Maternal education interventions improve immunization rates for children across a community

Maternal education benefits immunization rates of all community members, not only mothers’ own children. In Nigeria, children’s odds of being fully immunized improved by 1.06 times for every additional year of education the mothers received. Children’s odds of being fully immunized increased by 1.2 times for each additional year of maternal education in the community.

Immunization reduced hospitalization disparities for children from ethnic minorities

In New Zealand, Maori and Pacific children have historically suffered high hospitalization rates for invasive pneumococcal disease (IPD), all cause pneumonia (ACP), and otitis media. Following the introduction of conjugate vaccines in the country, Maori and Pacific children’s rates of admission for IPD dropped by 79% and 67%, respectively, while significant reductions in ACP and otitis media admissions were also noted, resulting in reductions in disparities for these populations.

Mothers with more decision-making autonomy are more likely to have immunized children

A study looking at the relationship between gender roles and full immunization coverage of children in Nigeria found that children of mothers who did not have decision-making autonomy were half as likely to be fully immunized than mothers with autonomy. To further assess the roles of gender and relationship power, children were nearly twice as likely to be fully vaccinated in households where only the mother contributed to household earnings compared to children whose parents contributed equally.

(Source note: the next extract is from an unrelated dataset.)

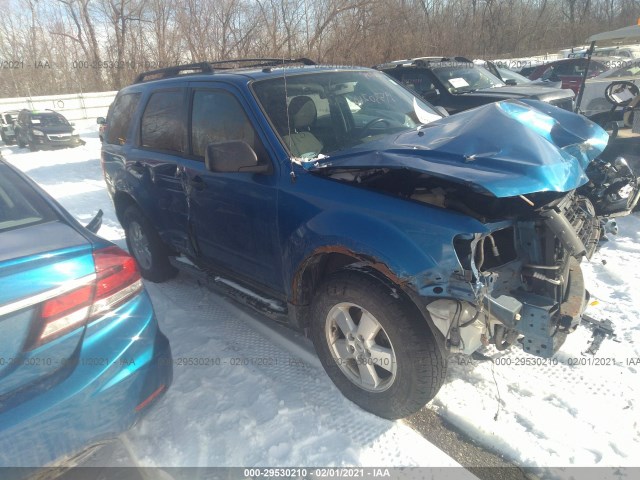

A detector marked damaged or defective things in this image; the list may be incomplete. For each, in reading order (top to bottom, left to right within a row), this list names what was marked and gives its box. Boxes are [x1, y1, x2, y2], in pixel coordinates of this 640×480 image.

damaged blue suv [102, 60, 636, 418]
another wrecked vehicle [101, 60, 640, 418]
crumpled hood [308, 99, 608, 197]
crushed front end [430, 189, 600, 358]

Mothers with higher education are more likely to vaccinate their children, leading to better immunization rates

A study conducted in Pakistan, designed to explore the association of maternal education and empowerment with childhood polio vaccination, showed that mothers with more education are more likely to vaccinate their children – 74% of children of mothers with higher education were completely vaccinated compared to 67% of those with primary education and only 47% of those with no education.

Integrated community health interventions targeting underserved populations can lead to reductions in socioeconomic inequalities

In India, a multi-strategy community intervention, the National Rural Health Mission (NRHM) was successful in reducing disparities between pregnant women who had an institutional delivery in urban and rural areas. Geographic inequities reduced from 22% to 7.6% and socioeconomic disparities declined from 48.2% to 13%. Post the NRHM period, the difference between the number of children with full vaccination i.e., Bacillus Calmette Guerin (BCG) vaccine for tuberculosis, 3 doses of Diphtheria Pertussis and Tetanus vaccine (DTP), 3 doses of Oral Polio Vaccine (OPV), and measles vaccine, in urban and rural areas was observed to be non-significant.